WORK INSTRUCTION: Transcribe the records exactly. Pictures do not belong in the transcription.

===== STUDY MATERIAL

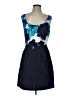 Tabitha 100% Silk Blue Casual Dress Size 10 - photo 1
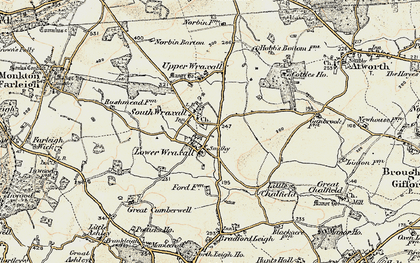 Old map of Lower Wraxall in 1898-1899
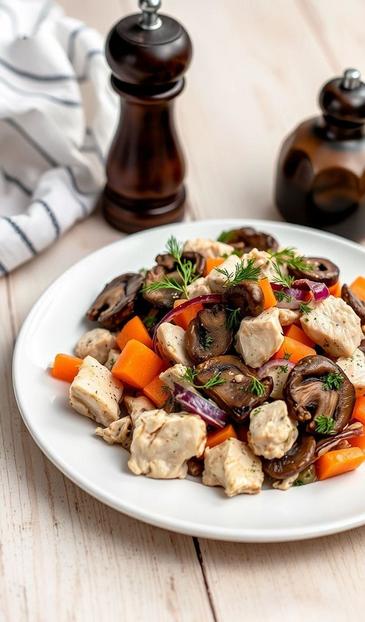  рецепты салатов с маринованными грибами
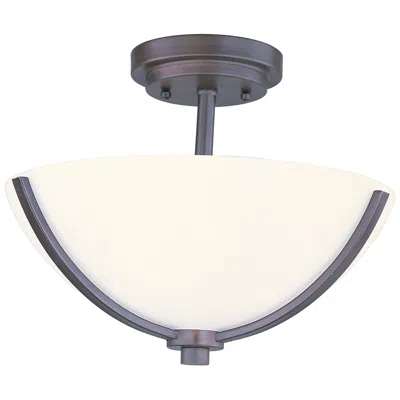 Maxim Deven 14" Wide Oil-rubbed Bronze Ceiling Light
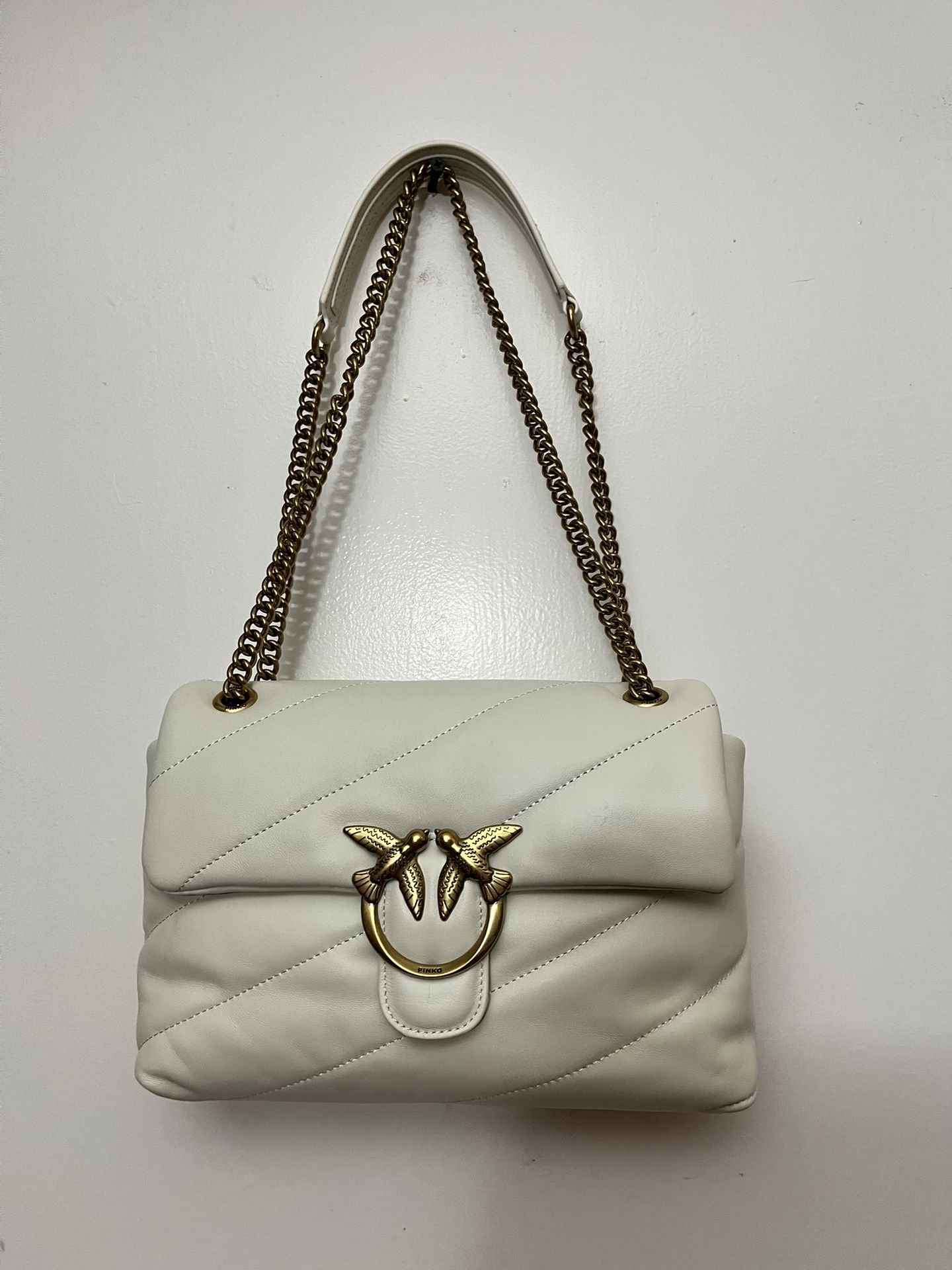 White Leather Handbag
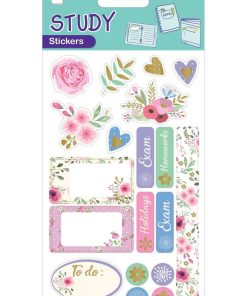 20 Stickers et étiquettes - Bullet journal et Agenda - Romantique - Dorures - N/A
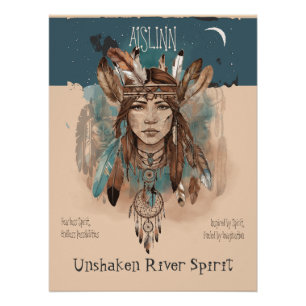 Poster Esprit de Rivière Inébranlable – Art pour Fille In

==========

WRITTEN RESPONSE:
 Tabitha 100% Silk Blue Casual Dress Size 10 - photo 1
 Old map of Lower Wraxall in 1898-1899
  рецепты салатов с маринованными грибами
 Maxim Deven 14" Wide Oil-rubbed Bronze Ceiling Light
 White Leather Handbag
 20 Stickers et étiquettes - Bullet journal et Agenda - Romantique - Dorures - N/A
 Poster Esprit de Rivière Inébranlable – Art pour Fille In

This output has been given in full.